RE: HBase parallel scanner performance

2012-04-19 Thread Bijieshan
Hi Narendra,

I have a few doubts:

1. Which version you are using?
2. What's the size of each KeyValue?
3. Did you change the GC parameters in client side or server side? After 
changing the GC parameters, did you keep an eye on the GC logs? 

Thank you.

Regards,
Jieshan

-Original Message-
From: Narendra yadala [mailto:narendra.yad...@gmail.com] 
Sent: Thursday, April 19, 2012 8:04 PM
To: user@hbase.apache.org
Subject: Re: HBase parallel scanner performance

Hi Michel

Yes, that is exactly what I do in step 2. I am aware of the reason for the
scanner timeout exceptions. It is the time between two consecutive
invocations of the next call on a specific scanner object. I increased the
scanner timeout to 10 min on the region server and still I keep seeing the
timeouts. So I reduced my scanner cache to 128.

Full table scan takes 130 seconds and there are 2.2 million rows in the
table as of now. Each row is around 2 KB in size. I measured time for the
full table scan by issuing `count` command from the hbase shell.

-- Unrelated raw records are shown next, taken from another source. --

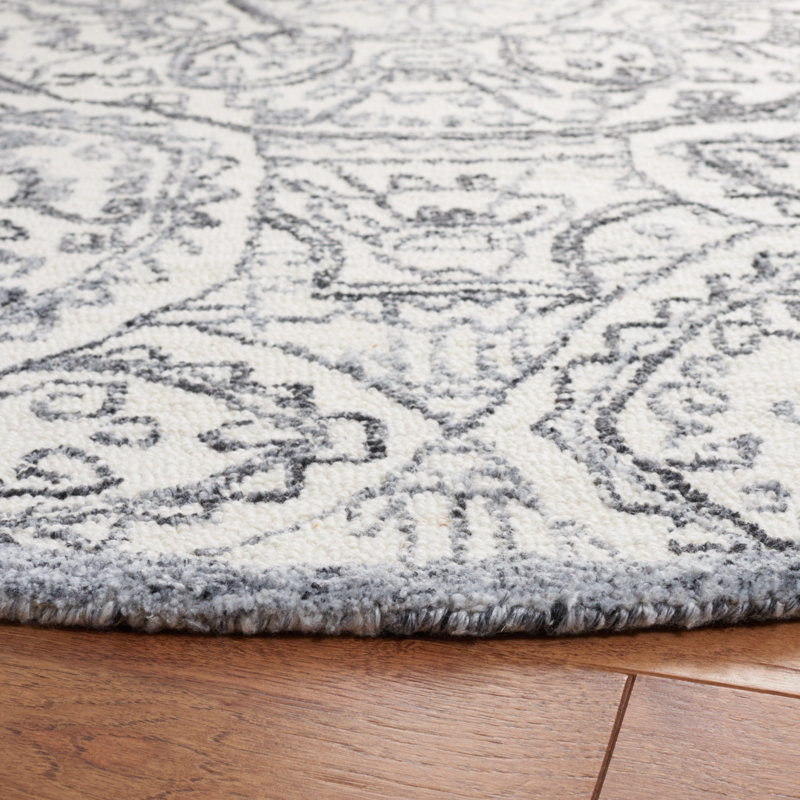 Bathilde Hand Tufted Wool/Cotton with Cotton Backing Metro Geometric Rug in Ivory/Gray, Round 6'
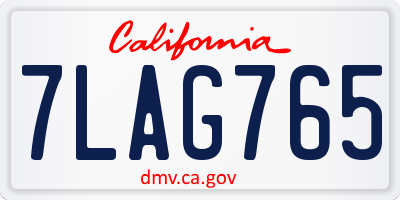 CA license plate 7LAG765
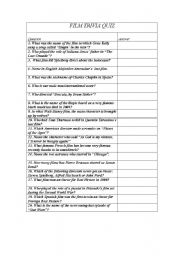 English Worksheet: Film Quiz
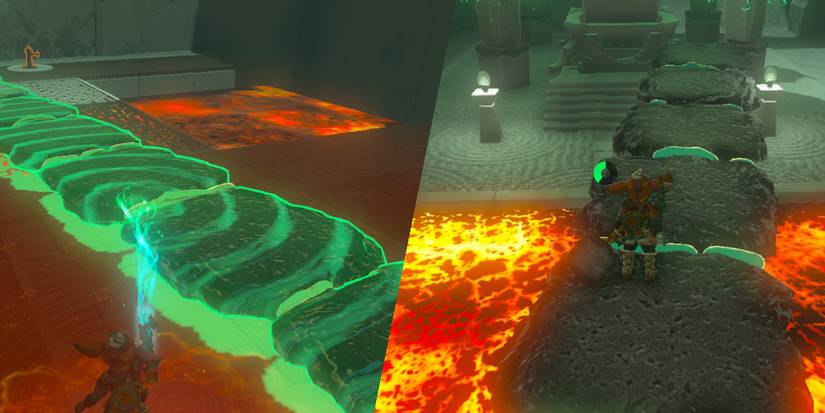 Zelda Tears of the Kingdom Kadaunar Shrine Walkthrough Guide Bridge Lava River Solution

I kind of understood the fix that you are specifying, but do I need to
change the table structure to fix this problem? All I do is a n^2 operation
and even that fails with 10 different types of exceptions. It is mildly
annoying that I need to know all the low level storage details of HBase to
do such a simple operation. And this is happening for just 14 parallel
scanners. I am wondering what would happen when there are thousands of
parallel scanners.

Please let me know if there is any configuration param change which would
fix this issue.

Thanks a lot
Narendra

On Thu, Apr 19, 2012 at 4:40 PM, Michel Segel michael_se...@hotmail.comwrote:

 So in your step 2 you have the following:
 FOREACH row IN TABLE alpha:
 SELECT something
 FROM TABLE alpha
 WHERE alpha.url = row.url

 Right?
 And you are wondering why you are getting timeouts?
 ...
 ...
 And how long does it take to do a full table scan? ;-)
 (there's more, but that's the first thing you should see...)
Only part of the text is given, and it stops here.